# [PROBLEM TO WORK ON]
Quote each line of the material verbatim, without the pictures.

# [DATA PROVIDED]
____

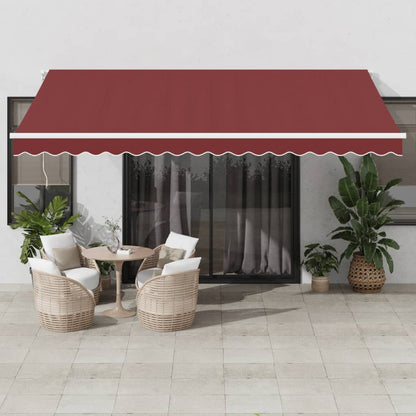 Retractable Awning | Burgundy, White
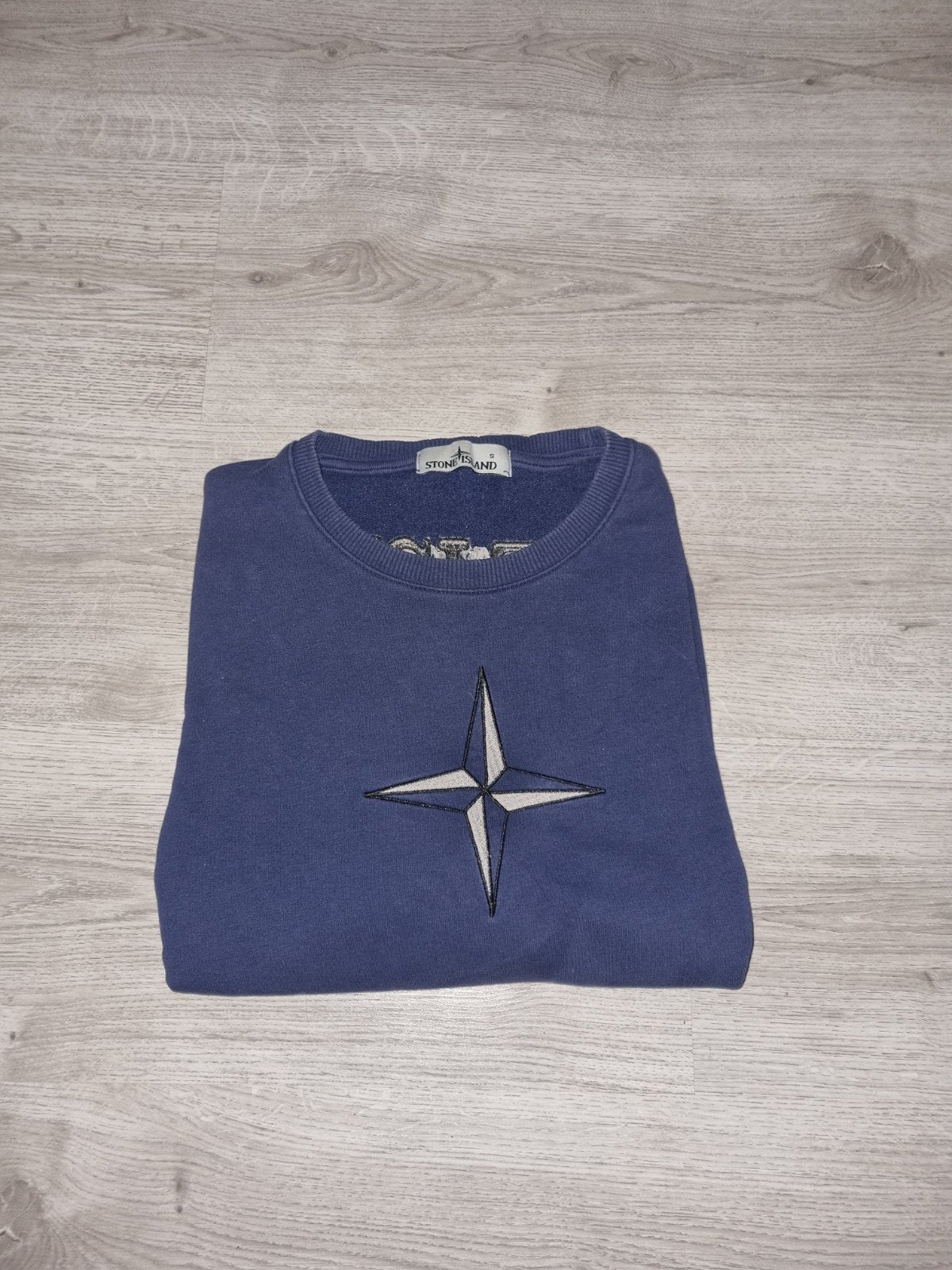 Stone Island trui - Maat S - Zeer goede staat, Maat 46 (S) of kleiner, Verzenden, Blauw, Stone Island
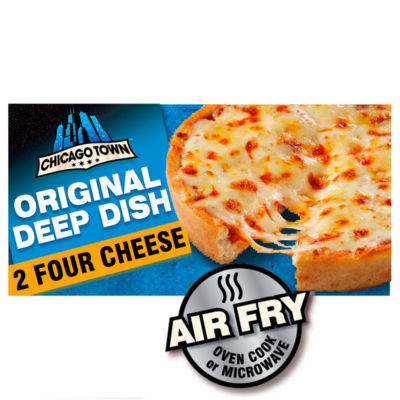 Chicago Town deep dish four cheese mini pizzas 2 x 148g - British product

____

# [WRITTEN ANSWER]
 Retractable Awning | Burgundy, White
 Stone Island trui - Maat S - Zeer goede staat, Maat 46 (S) of kleiner, Verzenden, Blauw, Stone Island
 Chicago Town deep dish four cheese mini pizzas 2 x 148g - British product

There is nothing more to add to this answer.